*** Provided material ***
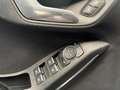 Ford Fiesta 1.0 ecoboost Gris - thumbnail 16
*** End of Provided material ***
*** Provided material ***
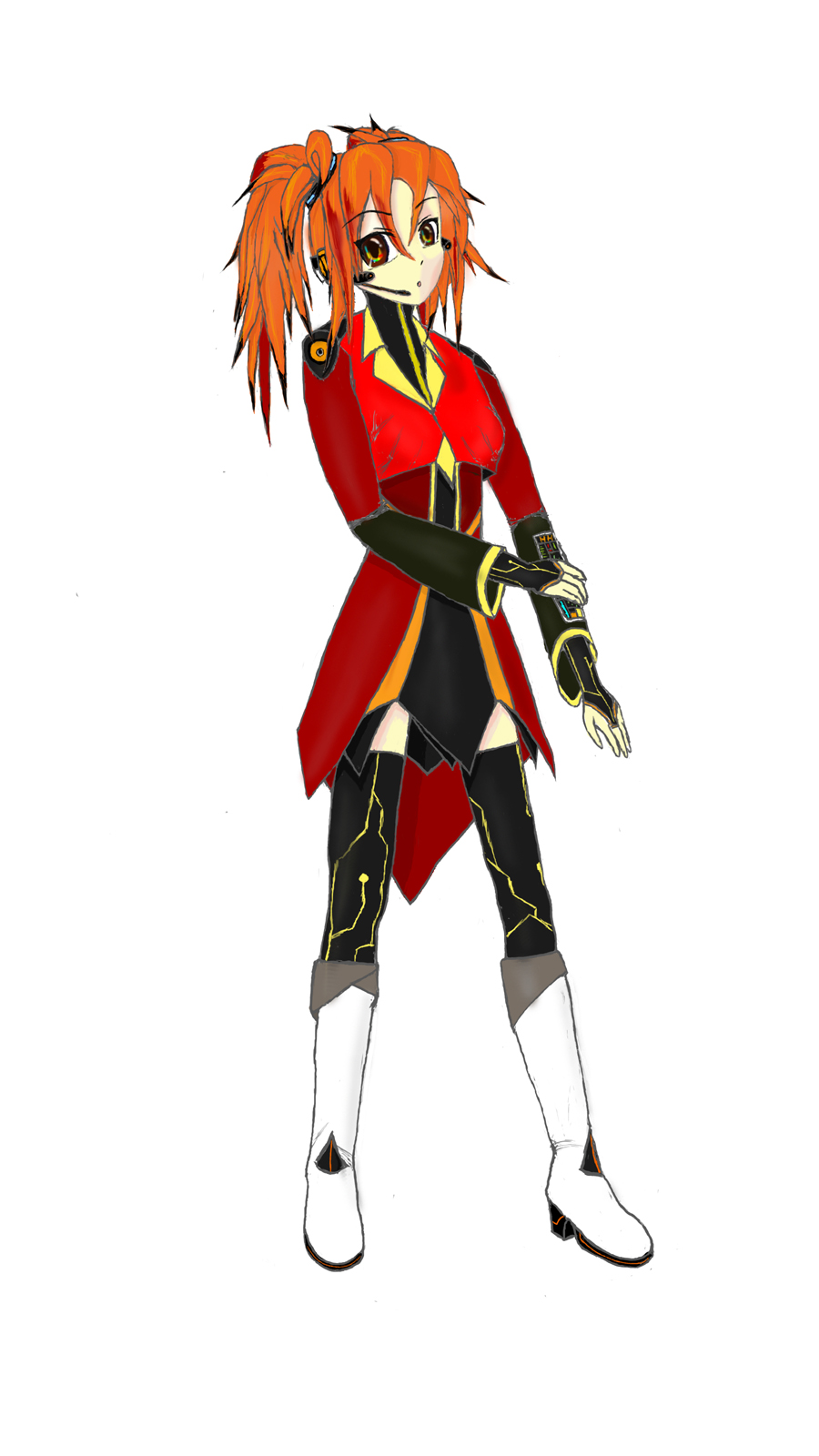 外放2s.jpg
*** End of Provided material ***
*** Provided material ***
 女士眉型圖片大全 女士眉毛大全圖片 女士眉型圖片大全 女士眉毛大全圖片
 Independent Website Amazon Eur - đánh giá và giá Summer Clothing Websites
*** End of Provided material ***
- Task directions
Reproduce exactly the stretch of the material above that starts at the line with "女士眉型圖片大全 女士眉毛大全圖片 女士眉型圖片大全 女士眉毛大全圖片" and ends at the line with "Independent Website Amazon", both included, and nothing else.

- Solution for this exercise
 女士眉型圖片大全 女士眉毛大全圖片 女士眉型圖片大全 女士眉毛大全圖片
 Independent Website Amazon Eur - đánh giá và giá Summer Clothing Websites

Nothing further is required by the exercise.